Téngase en cuenta que ese autor ha dicho unas líneas antes que “El tema propio y autónomo de la ética judicial es el de la excelencia en la práctica de la jurisdicción”, y que añade enseguida que la “vocación” de un juez excelente “es la de hallar la mejor respuesta dentro de las respuestas convencionalmente permitidas, lo que acaba comprometiéndolo con la ‘única respuesta correcta para cada caso’”23.

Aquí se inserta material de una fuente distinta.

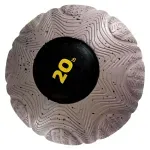 GTIN-6974085666915-03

Me parece complicada y oscura esa tesis de Aguiló. En primer lugar, porque con ella podríamos tachar de poco menos que inmoral u opuesto a la ética judicial, o al menos no “excelente”, a aquel juez que asuma su propia discrecionalidad como inevitable y no tenga la soberbia de pensar que sus fallos son “excelentes” y los únicos que como correctos caben, nada más que porque él trata de que su decisión sea la mejor de las posibles. De entre varias decisiones en principio posibles, la que una persona tome no es la mejor objetivamente o la única correcta por el mero hecho de que esa persona se incline por la que honestamente le parece mejor o nada más que porque sea su pretensión esa, la de dar con la mejor. Dos jueces igual de honestos, preparados, bienintencionados y deseosos de que su respectiva decisión sea la más correcta pueden, ante casos absolutamente idénticos o ante un mismo caso, fallar diferentemente. Si la única respuesta correcta lo es por razón de que los jueces la buscan o de que la razonan con esmero y sin trampa, cada una de esas dos decisiones contrapuestas sería la única correcta, lo que es profundísimamente incongruente, absurdo24. Si sólo una de ellas es en verdad la única correcta, resultará que esa cualidad de la misma no depende de que la respuesta correcta se presuponga al buscarla o de que el juez crea de buena fe que la halló, sino de que se demuestre así taxativamente. Pero esa demostración sabemos que no es viable y tampoco nos dicen los iusmoralistas cómo tendría lugar o de qué método se seguiría.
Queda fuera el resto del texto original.